The most compelling of these 50 for me are italicized below. As a self proclaimed "Fire-Ready-Aim" type, these will come as no surprise. Commentary in orange:
2. Wherever you can, whenever you can, always drive fear out of the workplace. Fear is "Public Enemy #1" of an innovative culture. Couldn't agree more...nothing instills a sense of paralysis more than fear in an organization. Fear needs to be rooted out at all costs.
3. Have more fun. If you're not having fun (or at least enjoying the process) something is off. Play, fun and a sense of exploration and discovery are key ingredients in the process of innovation. I think of the fun that these Google engineers had with a fresnel lens on the roof of their office building last year. One note: Sarcasm is the lowest, cheapest form of humor-don't confuse sarcasm for play and fun.

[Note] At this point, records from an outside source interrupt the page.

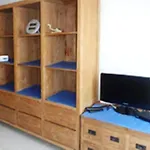 Moderne Ferienwohnung Casavovo Mit Terrasse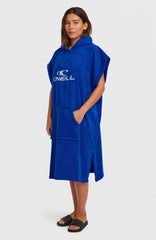 Jack's Changing Towel Victoria Blue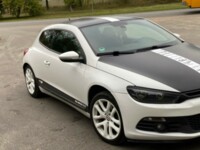 Volkswagen Scirocco III, 2009 г.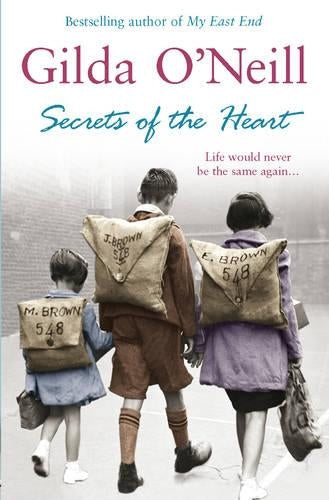 Secrets of the Heart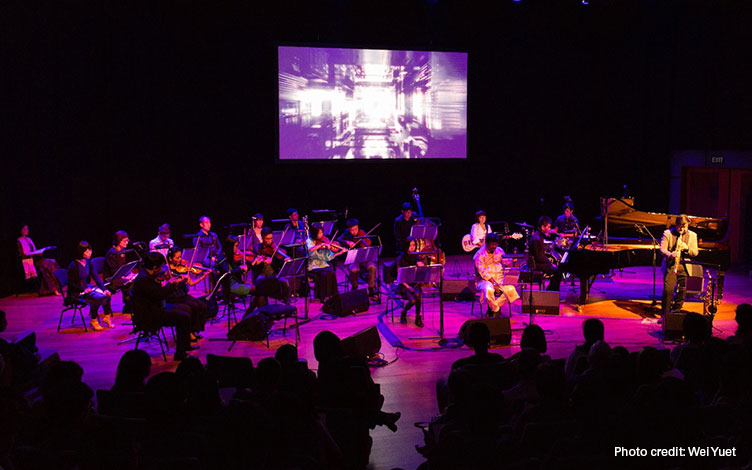 Photo courtesy: Wei Yuet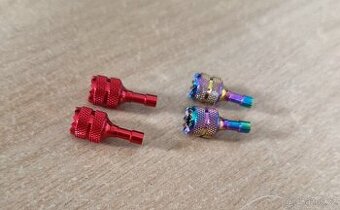 Náhradní kniply (joystick) pro ovladač DJI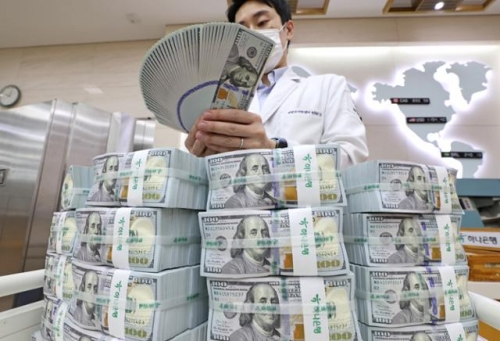 チェ・ベグン「韓日通貨スワップする必要ない…日本の方が残念な状況」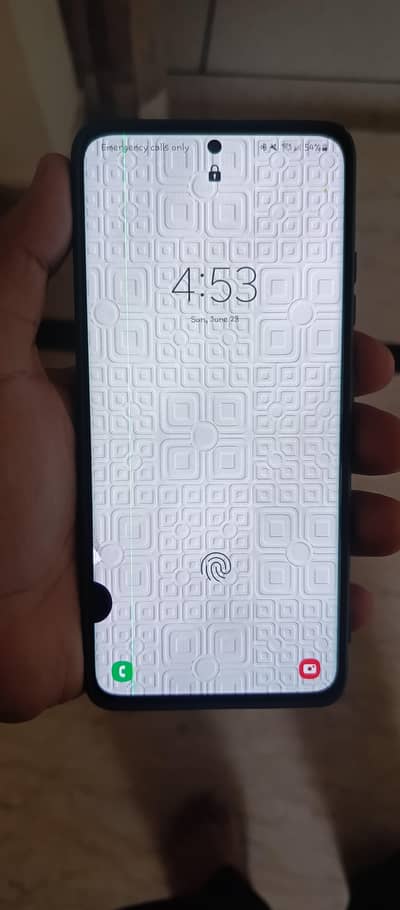 Samsung Mobile S21 Ultra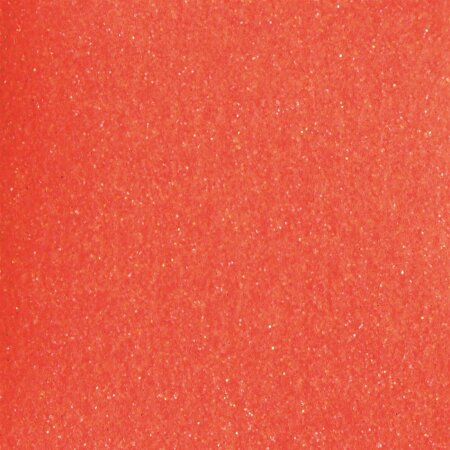 STAHLS Flexfolie CAD-CUT Glitter #959 watermelon/korall - DIN A4 Bogen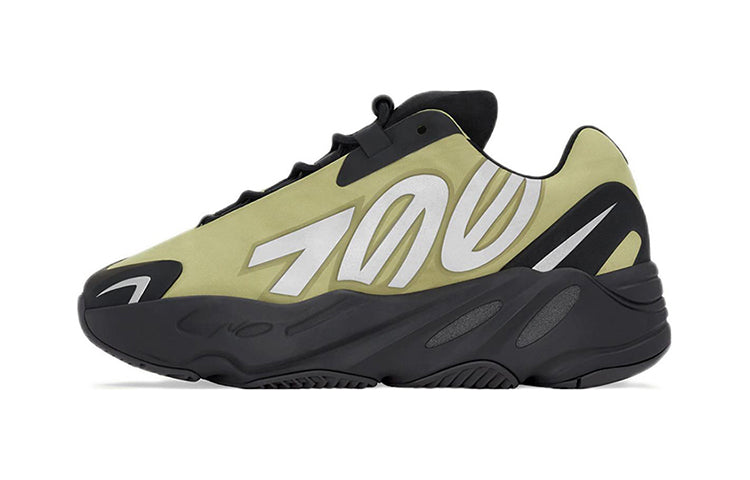 アディダス イージー adidas KIDS YEEZY 700 MNVN "Resin" GY4806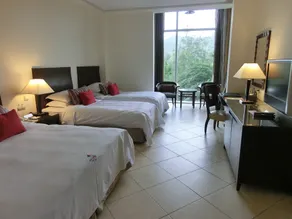 Chateau Beach Resort Kenting - Room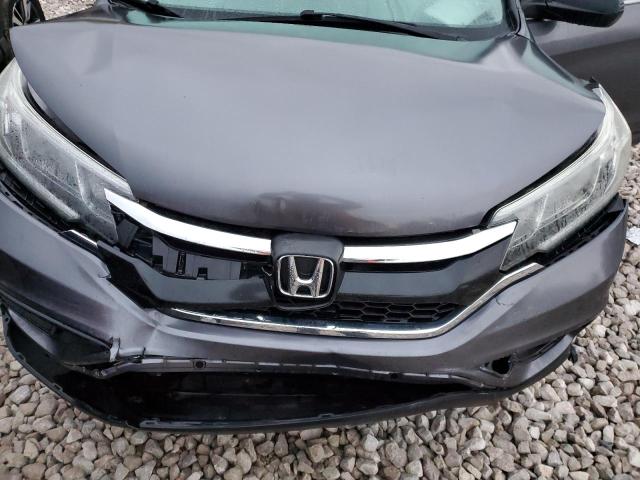 Photo 11 VIN: 2HKRM4H36GH616428 - HONDA CR-V LX 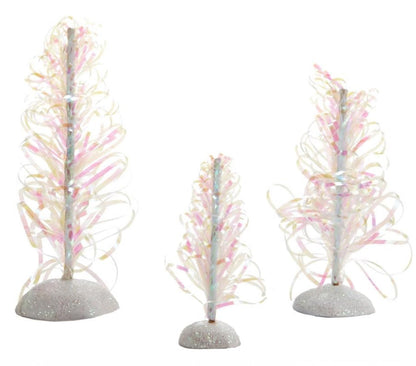 Department 56 - Village Accessories - Wispy Winter Trees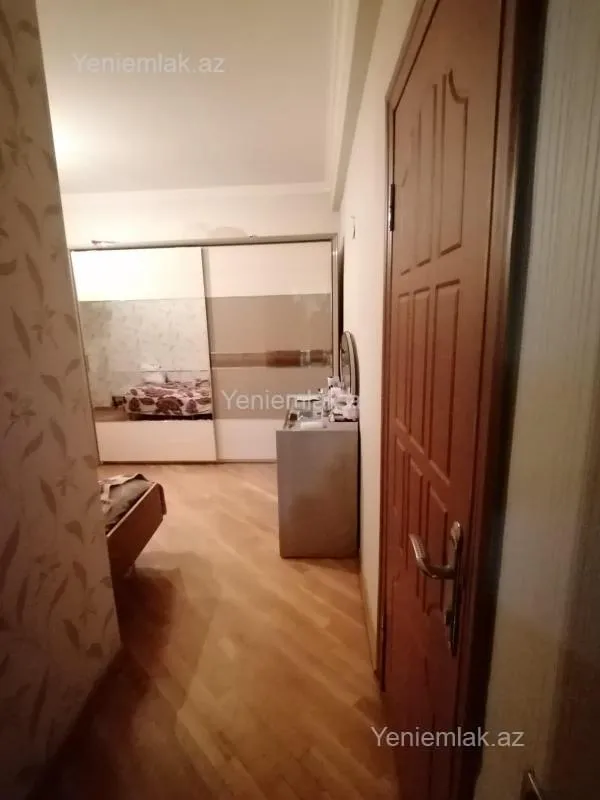 Satılır 3 otaqlı yeni tikili 143 m²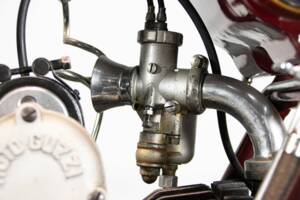 Bild 47/50 von Moto Guzzi DUMMY (1937)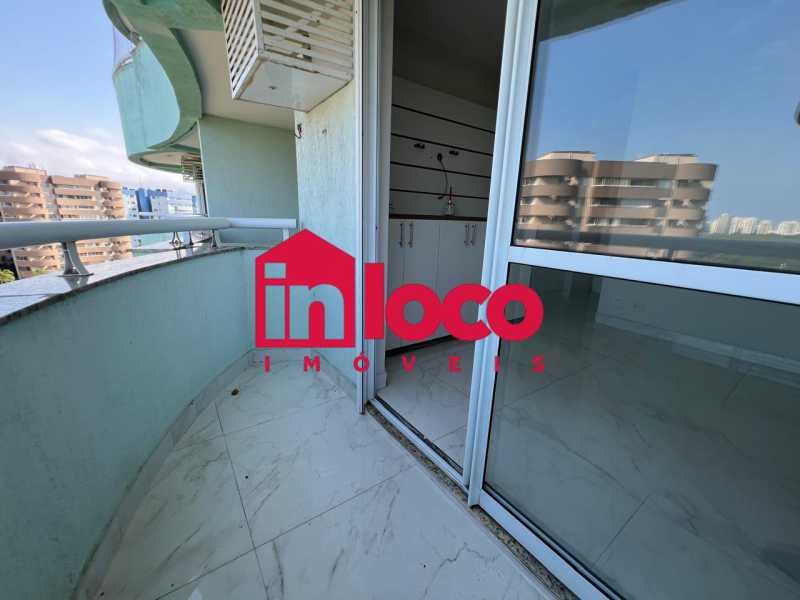 Apartamento, 2 quartos, 77 m² - Foto 4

8. Help people broaden their perspective by creating diverse teams and rotating employees into new projects -- especially ones they are fascinated by. Let's build structures and opportunities to get us out of our silos. And while we're at it, let's get rid of the silos (including the silos that are built into our electronic communications-EVERYONE in the organization needs to blog, reflect, and share).
14. Embrace and celebrate failure. 50 to 70 per cent of all new product innovations fail at even the most successful companies. The main difference between companies who succeed at innovation and those who don't isn't their rate of success -- it's the fact that successful companies have a LOT of ideas, pilots, and product innovations in the pipeline. Yes, yes, yes! We learn most from the process of making mistakes followed by a period of iteration. Celebrate the struggles!
15. Notice innovation efforts. Nurture them wherever they crop up. Reward them. Encourage risk taking and efforts to try new things. Don't do so in the annual review, but instead in simple little day to day gestures, compliments, and even comments on their reflective blog.
32. Avoid analysis paralysis. Chaotic action is preferable to orderly inaction. This is my personal favorite and speaks directly to my "Fire-ready-aim" mentality. To quote BJ Fogg, "Less talk, more action."A key omission in this comprehensive list is fostering a community of learning and unlearning. If an organization is going to be effective in building systems that support innovation, then regular, ongoing, sustained learning needs to be cultivated. Alternately, the value of unlearning can't be highlighted enough. Just because we did something five years ago doesn't mean that same mode of operandi is relevant to a similar problem (or even the exact same problem).